BRIEF →
Set down each line of the material that follows exactly, and leave its pictures out.

DATASET EXCERPT →
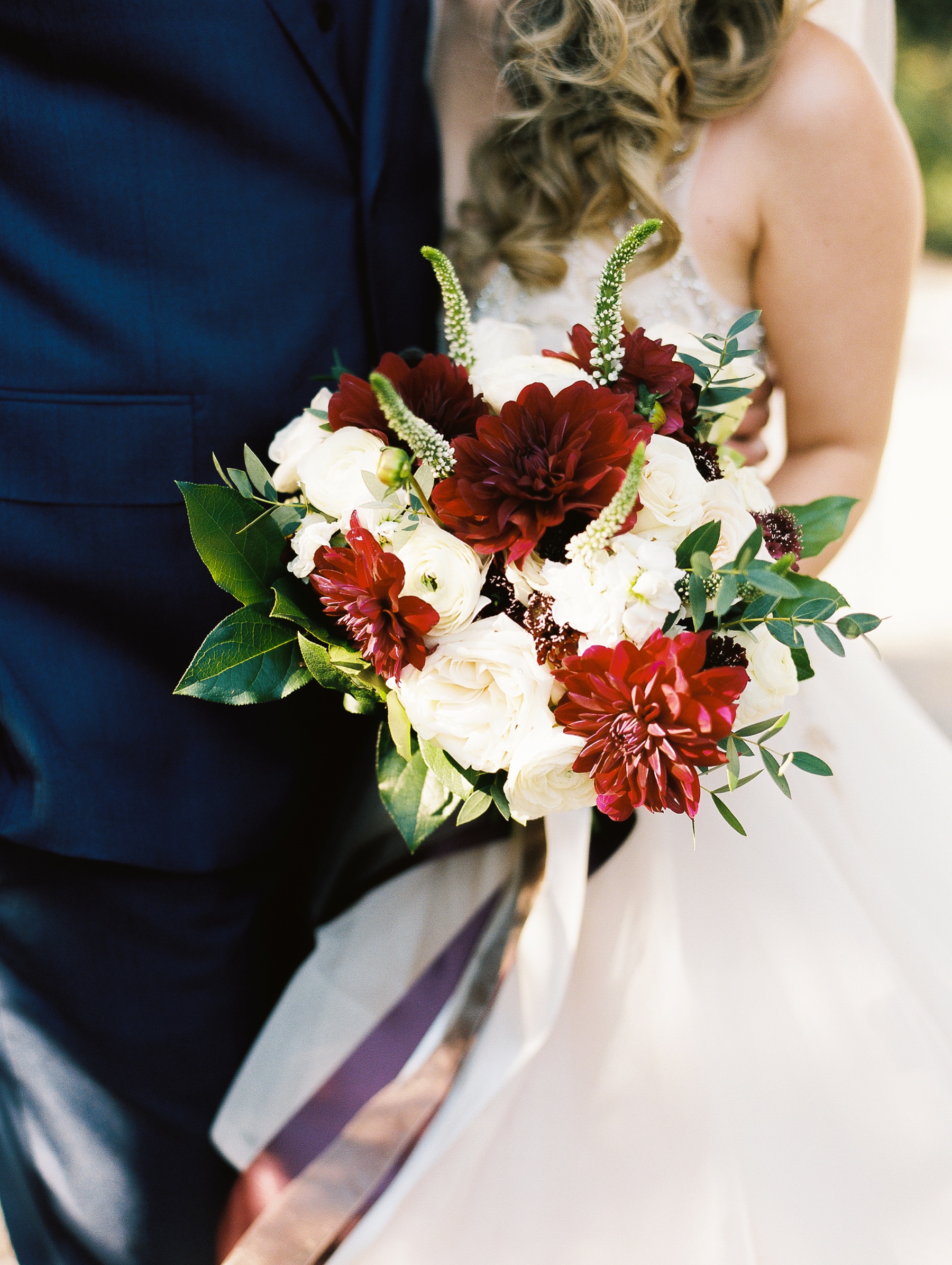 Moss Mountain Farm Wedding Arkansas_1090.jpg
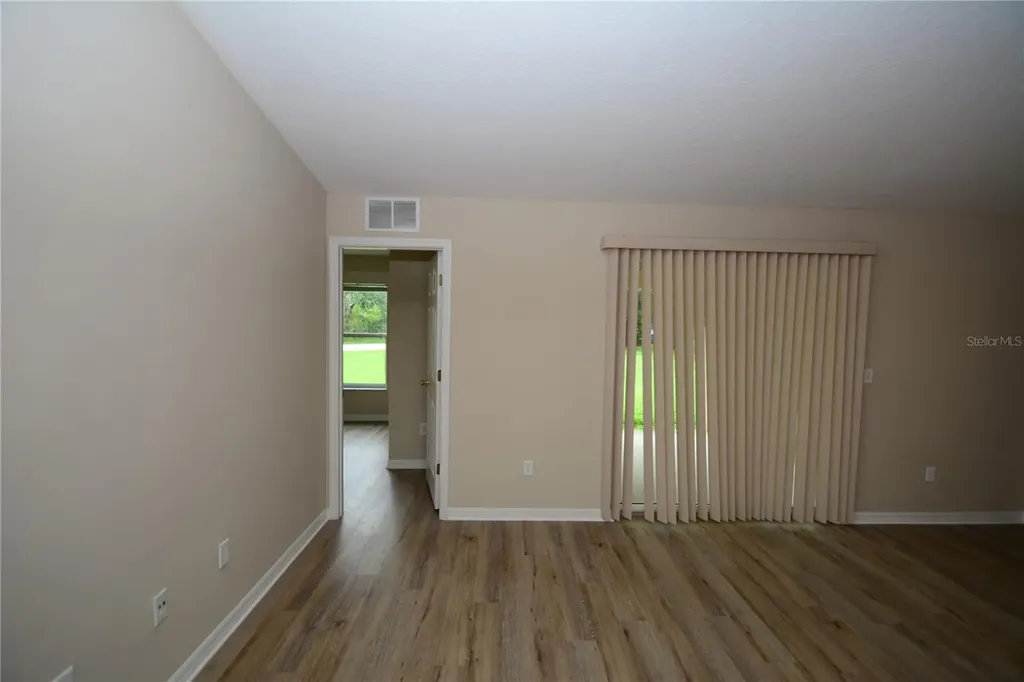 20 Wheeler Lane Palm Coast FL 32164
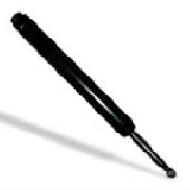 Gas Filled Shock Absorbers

EXERCISE RESULT →
 Moss Mountain Farm Wedding Arkansas_1090.jpg
 20 Wheeler Lane Palm Coast FL 32164
 Gas Filled Shock Absorbers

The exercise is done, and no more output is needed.